I always looked at his work and was astonished that he wasn't calling the shots, more celebrated than he was beyond those overlapping circles of friends and folk struggling through the same sorts of unfairness he was. I was reminded of a documentary I saw on the life of Louis Armstrong, and how a critic or maybe fan saw Armstrong's apartment and its bare refrigerator and wondered why a man of his abilities wasn't eating steak or whatever else he wanted, why he wasn't running things. I don't have an answer to that one. I don't know why Kaleb started writing during one of the last sorts of crests of online magazines as things began to fade, aside from the obvious issue of timing. Why outlets as clearly desperate for consistent and sharp and sturdy and unbreakable writing didn't have him on speed dial.

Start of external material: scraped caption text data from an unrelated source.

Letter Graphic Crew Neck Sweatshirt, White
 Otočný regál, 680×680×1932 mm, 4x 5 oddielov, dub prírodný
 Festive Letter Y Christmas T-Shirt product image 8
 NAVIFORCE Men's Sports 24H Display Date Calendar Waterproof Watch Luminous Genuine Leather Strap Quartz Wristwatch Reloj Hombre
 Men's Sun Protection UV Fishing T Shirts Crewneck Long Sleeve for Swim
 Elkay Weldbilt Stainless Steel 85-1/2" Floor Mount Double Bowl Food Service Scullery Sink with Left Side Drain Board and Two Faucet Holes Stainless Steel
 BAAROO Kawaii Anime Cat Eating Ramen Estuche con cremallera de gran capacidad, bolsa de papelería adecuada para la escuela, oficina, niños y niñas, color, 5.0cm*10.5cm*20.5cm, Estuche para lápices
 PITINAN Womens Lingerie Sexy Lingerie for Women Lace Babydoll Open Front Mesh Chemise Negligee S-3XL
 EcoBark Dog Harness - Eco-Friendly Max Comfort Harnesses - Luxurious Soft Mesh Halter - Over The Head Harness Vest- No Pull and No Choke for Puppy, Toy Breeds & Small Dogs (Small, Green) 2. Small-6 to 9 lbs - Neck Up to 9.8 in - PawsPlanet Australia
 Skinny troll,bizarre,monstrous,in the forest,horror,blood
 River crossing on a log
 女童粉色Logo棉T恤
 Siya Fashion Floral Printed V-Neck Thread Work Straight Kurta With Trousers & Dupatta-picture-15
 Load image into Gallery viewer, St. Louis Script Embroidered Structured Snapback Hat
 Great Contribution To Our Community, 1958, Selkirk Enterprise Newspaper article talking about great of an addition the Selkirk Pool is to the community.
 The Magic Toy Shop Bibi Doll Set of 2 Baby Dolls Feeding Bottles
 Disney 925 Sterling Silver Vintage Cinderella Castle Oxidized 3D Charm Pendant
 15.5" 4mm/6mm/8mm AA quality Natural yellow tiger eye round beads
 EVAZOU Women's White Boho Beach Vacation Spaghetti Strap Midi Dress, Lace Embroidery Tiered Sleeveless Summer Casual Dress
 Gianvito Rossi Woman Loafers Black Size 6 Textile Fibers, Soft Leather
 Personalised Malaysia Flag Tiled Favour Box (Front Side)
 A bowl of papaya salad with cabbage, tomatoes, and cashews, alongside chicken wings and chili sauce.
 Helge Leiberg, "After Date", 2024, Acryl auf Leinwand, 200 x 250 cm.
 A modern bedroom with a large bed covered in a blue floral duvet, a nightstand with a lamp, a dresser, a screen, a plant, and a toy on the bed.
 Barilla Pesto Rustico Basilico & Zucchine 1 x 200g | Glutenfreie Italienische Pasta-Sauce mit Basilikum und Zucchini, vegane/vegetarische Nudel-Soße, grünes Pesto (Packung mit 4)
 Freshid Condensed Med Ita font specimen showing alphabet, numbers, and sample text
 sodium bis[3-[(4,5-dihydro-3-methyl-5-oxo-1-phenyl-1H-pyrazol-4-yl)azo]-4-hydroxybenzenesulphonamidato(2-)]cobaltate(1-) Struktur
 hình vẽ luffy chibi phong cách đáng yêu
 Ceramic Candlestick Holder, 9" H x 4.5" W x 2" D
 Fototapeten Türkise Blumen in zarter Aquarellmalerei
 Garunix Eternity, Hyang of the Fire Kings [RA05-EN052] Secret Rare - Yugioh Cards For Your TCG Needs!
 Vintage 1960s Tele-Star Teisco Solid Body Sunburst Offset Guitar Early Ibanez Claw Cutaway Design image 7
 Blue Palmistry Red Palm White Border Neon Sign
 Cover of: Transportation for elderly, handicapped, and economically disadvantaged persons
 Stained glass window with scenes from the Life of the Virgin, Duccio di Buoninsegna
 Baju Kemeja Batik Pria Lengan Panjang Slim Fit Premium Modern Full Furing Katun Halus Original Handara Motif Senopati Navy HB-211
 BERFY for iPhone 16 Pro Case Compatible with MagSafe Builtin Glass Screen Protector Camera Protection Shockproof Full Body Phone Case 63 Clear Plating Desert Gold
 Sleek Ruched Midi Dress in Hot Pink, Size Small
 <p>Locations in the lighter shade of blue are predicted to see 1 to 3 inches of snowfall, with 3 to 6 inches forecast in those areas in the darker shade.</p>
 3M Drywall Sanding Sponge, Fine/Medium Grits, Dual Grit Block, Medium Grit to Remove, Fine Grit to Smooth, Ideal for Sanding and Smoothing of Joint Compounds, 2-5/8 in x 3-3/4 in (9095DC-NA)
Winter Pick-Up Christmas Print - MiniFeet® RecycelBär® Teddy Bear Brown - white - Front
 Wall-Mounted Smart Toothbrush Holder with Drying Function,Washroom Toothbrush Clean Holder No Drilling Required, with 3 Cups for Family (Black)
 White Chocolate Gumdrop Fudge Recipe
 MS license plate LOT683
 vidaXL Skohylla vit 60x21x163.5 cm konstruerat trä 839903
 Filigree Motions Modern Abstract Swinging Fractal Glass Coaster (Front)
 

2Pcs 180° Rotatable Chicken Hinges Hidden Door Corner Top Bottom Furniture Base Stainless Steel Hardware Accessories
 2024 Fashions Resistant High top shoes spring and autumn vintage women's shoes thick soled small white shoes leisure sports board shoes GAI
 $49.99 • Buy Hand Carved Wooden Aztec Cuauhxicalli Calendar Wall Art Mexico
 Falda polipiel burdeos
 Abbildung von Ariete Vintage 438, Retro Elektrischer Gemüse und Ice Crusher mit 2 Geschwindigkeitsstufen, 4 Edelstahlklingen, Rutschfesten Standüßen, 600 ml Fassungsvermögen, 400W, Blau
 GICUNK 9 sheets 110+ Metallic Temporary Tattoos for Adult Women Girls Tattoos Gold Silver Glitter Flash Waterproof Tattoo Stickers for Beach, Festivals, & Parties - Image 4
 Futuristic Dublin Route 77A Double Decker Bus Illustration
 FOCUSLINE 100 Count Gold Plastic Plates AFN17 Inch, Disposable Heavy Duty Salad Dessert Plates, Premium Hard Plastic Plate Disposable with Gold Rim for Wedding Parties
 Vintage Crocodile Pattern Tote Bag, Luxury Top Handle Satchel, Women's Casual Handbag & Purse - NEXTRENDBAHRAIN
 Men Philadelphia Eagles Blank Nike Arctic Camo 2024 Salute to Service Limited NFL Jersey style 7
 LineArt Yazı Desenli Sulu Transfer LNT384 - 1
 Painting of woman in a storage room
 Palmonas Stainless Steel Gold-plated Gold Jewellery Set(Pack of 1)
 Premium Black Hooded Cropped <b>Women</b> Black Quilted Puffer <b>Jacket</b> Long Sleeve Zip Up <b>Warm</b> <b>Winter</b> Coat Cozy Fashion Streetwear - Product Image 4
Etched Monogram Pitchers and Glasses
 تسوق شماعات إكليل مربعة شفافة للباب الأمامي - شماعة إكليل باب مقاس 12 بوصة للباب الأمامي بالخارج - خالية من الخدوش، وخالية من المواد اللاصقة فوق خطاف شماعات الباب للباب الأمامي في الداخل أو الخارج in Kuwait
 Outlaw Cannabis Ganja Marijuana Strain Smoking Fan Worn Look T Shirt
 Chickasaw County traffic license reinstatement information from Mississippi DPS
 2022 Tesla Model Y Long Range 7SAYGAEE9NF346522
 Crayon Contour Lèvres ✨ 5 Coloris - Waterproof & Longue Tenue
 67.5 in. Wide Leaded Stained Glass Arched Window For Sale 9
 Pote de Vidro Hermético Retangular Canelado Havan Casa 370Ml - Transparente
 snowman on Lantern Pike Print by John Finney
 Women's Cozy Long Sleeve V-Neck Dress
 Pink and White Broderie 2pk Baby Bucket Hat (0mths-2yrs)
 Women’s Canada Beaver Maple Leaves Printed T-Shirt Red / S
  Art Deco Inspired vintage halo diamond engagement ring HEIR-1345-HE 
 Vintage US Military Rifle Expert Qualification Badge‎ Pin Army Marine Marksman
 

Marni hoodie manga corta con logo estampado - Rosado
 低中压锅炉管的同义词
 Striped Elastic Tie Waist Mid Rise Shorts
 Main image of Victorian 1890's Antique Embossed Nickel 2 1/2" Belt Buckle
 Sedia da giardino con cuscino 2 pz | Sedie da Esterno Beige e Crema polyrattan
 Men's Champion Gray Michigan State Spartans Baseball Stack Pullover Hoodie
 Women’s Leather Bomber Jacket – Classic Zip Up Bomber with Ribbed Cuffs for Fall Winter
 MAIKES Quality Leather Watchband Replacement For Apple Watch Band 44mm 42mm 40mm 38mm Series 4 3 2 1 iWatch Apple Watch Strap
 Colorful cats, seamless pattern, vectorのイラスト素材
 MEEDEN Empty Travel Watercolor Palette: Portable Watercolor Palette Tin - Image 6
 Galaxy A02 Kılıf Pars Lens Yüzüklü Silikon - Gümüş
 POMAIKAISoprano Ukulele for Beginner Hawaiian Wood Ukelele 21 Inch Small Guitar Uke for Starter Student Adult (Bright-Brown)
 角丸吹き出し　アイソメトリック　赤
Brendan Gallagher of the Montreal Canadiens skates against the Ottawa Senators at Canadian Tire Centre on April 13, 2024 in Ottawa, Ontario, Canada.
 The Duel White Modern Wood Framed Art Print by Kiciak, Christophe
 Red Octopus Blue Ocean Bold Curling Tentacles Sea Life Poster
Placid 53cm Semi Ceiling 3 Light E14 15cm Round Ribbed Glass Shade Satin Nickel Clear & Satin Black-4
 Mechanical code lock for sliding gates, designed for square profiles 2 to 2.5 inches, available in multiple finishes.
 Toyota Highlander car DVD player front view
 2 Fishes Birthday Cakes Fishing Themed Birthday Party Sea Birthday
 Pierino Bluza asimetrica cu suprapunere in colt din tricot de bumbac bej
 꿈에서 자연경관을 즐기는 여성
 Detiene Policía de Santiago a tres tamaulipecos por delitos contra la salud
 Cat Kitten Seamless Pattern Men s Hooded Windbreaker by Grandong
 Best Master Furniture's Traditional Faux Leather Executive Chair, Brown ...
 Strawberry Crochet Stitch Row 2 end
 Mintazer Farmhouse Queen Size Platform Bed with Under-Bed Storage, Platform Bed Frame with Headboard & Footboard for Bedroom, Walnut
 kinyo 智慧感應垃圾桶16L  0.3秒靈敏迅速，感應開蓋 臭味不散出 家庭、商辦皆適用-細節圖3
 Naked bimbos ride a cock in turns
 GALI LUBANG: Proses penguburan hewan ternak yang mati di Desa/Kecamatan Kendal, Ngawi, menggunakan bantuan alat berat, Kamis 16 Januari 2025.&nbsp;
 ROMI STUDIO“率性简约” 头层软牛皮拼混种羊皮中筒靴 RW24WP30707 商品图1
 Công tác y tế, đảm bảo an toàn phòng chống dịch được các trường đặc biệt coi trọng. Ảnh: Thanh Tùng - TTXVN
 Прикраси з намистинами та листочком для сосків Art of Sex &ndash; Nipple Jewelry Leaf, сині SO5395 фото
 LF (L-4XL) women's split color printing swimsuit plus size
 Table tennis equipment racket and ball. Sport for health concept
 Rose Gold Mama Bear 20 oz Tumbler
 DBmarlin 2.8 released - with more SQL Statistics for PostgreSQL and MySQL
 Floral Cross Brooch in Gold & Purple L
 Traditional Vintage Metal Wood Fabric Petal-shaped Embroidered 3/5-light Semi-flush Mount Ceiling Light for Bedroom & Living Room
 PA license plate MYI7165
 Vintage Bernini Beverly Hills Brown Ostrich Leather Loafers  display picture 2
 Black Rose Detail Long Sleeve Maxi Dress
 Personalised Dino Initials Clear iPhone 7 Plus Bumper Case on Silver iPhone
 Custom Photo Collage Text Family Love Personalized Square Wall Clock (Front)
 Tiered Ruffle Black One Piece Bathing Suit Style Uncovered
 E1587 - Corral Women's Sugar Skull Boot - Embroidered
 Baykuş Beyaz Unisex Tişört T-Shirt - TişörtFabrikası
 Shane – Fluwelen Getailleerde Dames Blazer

Like I said, I got no answer to that. I mean, I do, but it's largely rhetorical and unimportant. The largest part of it being that the world he was fondest of and best at writing about was regarded as passing into history if not mythology. And geography. The West, should it not be Los Angeles or San Francisco, Seattle or even Portland, doesn't have that kind of pull, perhaps. Certainly not Bakersfield. The west was where all the loose pieces, those that refused to fit into the Rube Goldberg trap of the United States, got rattled to when time tilted the table. We've all heard it.


I joked about this with him, how we're both from places that are ignored or despised (the central valley in his case, Orange County in mine) though for very different reasons. Both regarded as hellholes, one dirt and scrabble, the other nouveau riche and the spawning ground of every cliche rich-kid villain in a teen movie. Both regarded by us a home that wasn't so easy to return to, time being like that.


Valley Relics Museum, collapsing time
Valley Relics Museum, collapsing time

We both understood UFOs working best as a folk mythology, probably why he once told me not to watch a show that he'd worked as a researcher on (and I'm imagining they disposed of his research and did what they were going to do anyways, which was to make more prestige-flavored time wasting: my words not his. As an aside, I did and it was terrible because it didn't understand the truth of the lights in the sky, that they only matter for what is stirred within upon their sighting). We both took photographs, him much more leaning on the feeling of time and place, of a past that was persistent into the now, refusing to fade away; myself much more interested in the tone poetry and texture of these places, particularly Los Angeles itself. His work here always impressed me with the sweep of a place, the drama of even a pickup parked in front of a diner that but for a few details could have been from the seventies.


Or the forties. They're still there if you look.


I'm gonna miss walking and talking or driving and talking with him. Getting told that if we drive any further down this road, we'll end up in Malibu and neither of us wants that.


There's more to say, more I'm never gonna say. More I don't even know how to.


But I'll leave with this. Early last year, a million years ago, he and I and his wife Marie, were driving from Burbank over to Hollywood to catch a showing of Nightmare Alley at I think the Egyptian, on a silver nitrate print, you know, the kind that show all of time's fingerprints on the film stock itself and could burst into flame if you look at it sideways. I'm trying to get us parked to get there in time to get seats that didn't suck (great plan, genius). It's raining, as it does from time to time, even in LA. I'm getting anxious. We've been up and down Hollywood Boulevard, taken a couple orbits around side streets, trying to find a little asphalt sanctuary to park at for a couple hours. And I despair about it, out loud. And he says, not verbatim, but words along these lines: "It's Hollywood, you look long enough and you'll find a place to land."


Hollywood, that very night
Hollywood, that very night

And it's true, even if it isn't exactly. We did find a place to park, but the refuge was temporary. It always is.


Goodbye, Kaleb. I wish it would've gone differently, more fairly, more justly.


I welcome your ghost. Could hardly turn it away.